Analysts expect 80% of 65 Million Filipino voters to go to the polls today as the country conducts its national and local elections. Commission on Elections (COMELEC) Education head James Jimenez says they expect at least 55 million voters to cast their ballots for their preferred candidates.
Filipinos will vote for their president, vice president, twelve senators, more than 200 Congressmen, and thousands of mayors and their local councils in fourteen regions of the Philippines.
Most Filipino voters consider these elections as a watershed in Philippine history after the former senator and Marcos son and name sake, Ferdinand “Bongbong” Marcos Junior decided to cast his lot for the presidency, a move that many see as a comeback of the former dictator’s family who was cast out of Malacanang some thirty plus years ago.
Surveys upon surveys depict Marcos Junior as a “runaway winner” yet many see a tightly contested presidential fight between him and vice president Leni Robredo. The late surge and the house-to-house campaigning undertaken by Robredo’s millions of volunteers had cast doubt on the winnability of Marcos Junior whose only claim to have amassed millions of voters is thru propaganda.

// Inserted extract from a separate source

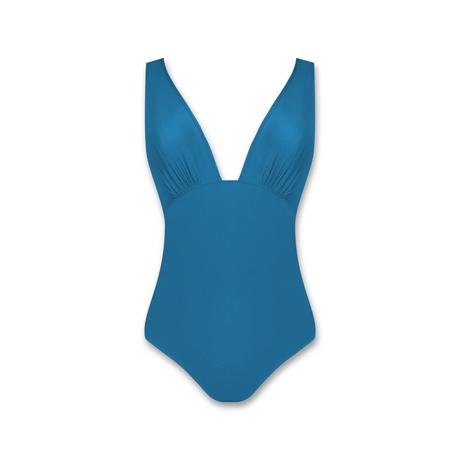 Réjeanne Costume da bagno mestruale Swim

Many see those surveys as a form of mental conditioning. Analysts say, the fate of the country now lies in grassroots organizing. The fight, they say, is at ground levels.
While Robredo’s survey numbers hover between 20-30%, the late surge might actually double her chances of winning the polls. A fairly recent survey shows Robredo winning by several percentage points over BBM’s 30-plus percent. Robredo enjoys a huge following and support from the Catholic church, civil society, lay organizations, and most especially, youth groups.
Jimenez says fifty six percent (56%) of today’s voters belonged to the youth sector between the ages of 18-35. Following closely behind the youth vote are today’s titos and titas with about 23%. Senior citizens number around 5 million.
Poll history however shows only 30% of the youth sector go to the polls come election time.
Galvanizing poll support entails huge logistical and financial costs, especially with the rise of oil and commodity prices. In 2019, analysts estimate that a national candidate usually spends close to a billion pesos for the win. Most of today’s campaign expenses are channeled thru grassroots organizing.
Voters are likewise expected to vote for their partylist organizations. Pasada (no. 126 in the ballot), a partylist organization of commuters and transport workers is expecting at least one (1) seat in this 19th Congress. Dom Hernandez, first nominee and Secretary General believes that it is now time for government to prioritize Filipino commuters who comprise 97% of the total population.